> **Task item**
Exactly as they appear, copy the lines from the start of the entries below to the line containing "2PLEATS TWILL PANT BLACK", both ends included.
***
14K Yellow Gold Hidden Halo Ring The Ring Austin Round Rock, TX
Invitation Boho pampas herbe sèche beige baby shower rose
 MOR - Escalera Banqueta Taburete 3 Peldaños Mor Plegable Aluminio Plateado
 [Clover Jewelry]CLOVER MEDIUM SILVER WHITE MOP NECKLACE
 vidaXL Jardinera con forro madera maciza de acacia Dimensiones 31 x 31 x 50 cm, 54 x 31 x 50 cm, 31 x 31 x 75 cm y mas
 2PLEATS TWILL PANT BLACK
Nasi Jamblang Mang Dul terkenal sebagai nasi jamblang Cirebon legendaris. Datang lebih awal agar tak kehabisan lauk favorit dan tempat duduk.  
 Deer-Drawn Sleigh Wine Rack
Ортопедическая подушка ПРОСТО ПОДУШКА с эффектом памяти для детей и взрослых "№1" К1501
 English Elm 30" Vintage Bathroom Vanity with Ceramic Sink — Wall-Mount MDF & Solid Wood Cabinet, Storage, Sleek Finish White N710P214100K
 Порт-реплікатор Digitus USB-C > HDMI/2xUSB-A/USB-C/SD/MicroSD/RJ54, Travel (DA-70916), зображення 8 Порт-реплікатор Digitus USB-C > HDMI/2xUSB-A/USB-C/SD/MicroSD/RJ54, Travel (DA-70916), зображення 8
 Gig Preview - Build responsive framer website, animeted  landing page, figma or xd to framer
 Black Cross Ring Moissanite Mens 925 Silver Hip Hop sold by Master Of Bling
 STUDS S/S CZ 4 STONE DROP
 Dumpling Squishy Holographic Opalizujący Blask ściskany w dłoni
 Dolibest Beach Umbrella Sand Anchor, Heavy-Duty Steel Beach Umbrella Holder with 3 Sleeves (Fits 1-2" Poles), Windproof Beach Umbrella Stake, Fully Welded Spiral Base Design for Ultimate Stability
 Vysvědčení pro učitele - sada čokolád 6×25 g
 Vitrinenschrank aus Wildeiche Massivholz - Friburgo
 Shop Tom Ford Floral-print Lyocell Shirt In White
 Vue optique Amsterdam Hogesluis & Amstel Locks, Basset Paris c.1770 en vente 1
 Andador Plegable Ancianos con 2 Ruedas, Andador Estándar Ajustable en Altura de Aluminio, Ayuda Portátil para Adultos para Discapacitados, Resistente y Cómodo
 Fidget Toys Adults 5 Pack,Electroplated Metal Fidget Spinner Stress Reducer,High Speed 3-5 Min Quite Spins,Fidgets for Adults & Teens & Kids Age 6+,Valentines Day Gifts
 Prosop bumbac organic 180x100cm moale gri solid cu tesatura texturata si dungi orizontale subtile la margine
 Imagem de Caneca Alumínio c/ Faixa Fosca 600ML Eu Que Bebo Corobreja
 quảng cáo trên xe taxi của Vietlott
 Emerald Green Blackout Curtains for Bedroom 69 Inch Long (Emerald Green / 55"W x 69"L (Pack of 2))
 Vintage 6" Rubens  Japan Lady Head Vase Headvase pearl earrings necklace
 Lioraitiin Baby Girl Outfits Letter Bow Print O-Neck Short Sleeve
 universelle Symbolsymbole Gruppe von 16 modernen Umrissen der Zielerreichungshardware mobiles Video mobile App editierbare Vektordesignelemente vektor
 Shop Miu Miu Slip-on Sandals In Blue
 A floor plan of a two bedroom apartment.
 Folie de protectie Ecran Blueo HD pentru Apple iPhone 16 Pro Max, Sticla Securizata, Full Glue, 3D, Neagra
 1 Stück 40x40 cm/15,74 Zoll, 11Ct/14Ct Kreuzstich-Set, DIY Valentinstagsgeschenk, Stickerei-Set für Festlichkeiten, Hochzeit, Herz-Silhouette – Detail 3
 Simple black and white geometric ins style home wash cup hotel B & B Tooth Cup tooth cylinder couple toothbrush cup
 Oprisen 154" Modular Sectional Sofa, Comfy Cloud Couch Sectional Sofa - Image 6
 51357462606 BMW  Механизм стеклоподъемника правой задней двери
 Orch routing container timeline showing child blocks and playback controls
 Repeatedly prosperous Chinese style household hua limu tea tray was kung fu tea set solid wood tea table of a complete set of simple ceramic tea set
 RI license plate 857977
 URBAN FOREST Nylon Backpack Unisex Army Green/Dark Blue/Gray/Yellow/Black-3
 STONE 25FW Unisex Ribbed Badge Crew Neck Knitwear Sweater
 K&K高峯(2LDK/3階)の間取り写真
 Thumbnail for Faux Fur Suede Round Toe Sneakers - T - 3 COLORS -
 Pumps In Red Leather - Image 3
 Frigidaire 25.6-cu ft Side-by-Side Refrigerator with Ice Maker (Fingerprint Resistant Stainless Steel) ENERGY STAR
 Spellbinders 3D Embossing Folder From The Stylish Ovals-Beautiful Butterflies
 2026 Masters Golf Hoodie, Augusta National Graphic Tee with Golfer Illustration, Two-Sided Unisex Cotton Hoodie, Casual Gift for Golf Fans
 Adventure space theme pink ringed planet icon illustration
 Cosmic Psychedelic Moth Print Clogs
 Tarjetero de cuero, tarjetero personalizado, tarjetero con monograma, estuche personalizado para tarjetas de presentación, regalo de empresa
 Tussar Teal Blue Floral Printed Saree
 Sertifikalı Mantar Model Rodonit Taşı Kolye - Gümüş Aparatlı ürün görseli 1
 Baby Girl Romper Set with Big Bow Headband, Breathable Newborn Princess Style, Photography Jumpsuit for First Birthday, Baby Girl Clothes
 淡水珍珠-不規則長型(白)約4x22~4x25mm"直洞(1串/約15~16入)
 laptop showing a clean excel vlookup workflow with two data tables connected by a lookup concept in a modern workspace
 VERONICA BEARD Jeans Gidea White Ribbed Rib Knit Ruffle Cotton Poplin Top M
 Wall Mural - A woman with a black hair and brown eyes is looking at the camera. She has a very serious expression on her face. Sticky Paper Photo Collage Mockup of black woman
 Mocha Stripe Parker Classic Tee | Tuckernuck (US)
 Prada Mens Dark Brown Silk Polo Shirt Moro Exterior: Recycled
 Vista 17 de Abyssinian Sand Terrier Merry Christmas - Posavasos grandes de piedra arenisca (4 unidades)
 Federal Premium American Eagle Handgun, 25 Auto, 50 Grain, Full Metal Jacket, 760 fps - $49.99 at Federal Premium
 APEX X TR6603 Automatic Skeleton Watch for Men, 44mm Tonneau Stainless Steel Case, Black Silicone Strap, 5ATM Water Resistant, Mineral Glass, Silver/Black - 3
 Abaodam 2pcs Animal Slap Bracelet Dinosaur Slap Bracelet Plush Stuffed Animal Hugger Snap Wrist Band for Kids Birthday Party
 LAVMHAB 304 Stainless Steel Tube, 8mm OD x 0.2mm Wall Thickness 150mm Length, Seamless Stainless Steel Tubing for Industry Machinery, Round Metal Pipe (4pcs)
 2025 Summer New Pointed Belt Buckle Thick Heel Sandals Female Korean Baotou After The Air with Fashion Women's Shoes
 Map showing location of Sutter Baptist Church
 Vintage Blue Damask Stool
***
> **Solution below**
14K Yellow Gold Hidden Halo Ring The Ring Austin Round Rock, TX
Invitation Boho pampas herbe sèche beige baby shower rose
 MOR - Escalera Banqueta Taburete 3 Peldaños Mor Plegable Aluminio Plateado
 [Clover Jewelry]CLOVER MEDIUM SILVER WHITE MOP NECKLACE
 vidaXL Jardinera con forro madera maciza de acacia Dimensiones 31 x 31 x 50 cm, 54 x 31 x 50 cm, 31 x 31 x 75 cm y mas
 2PLEATS TWILL PANT BLACK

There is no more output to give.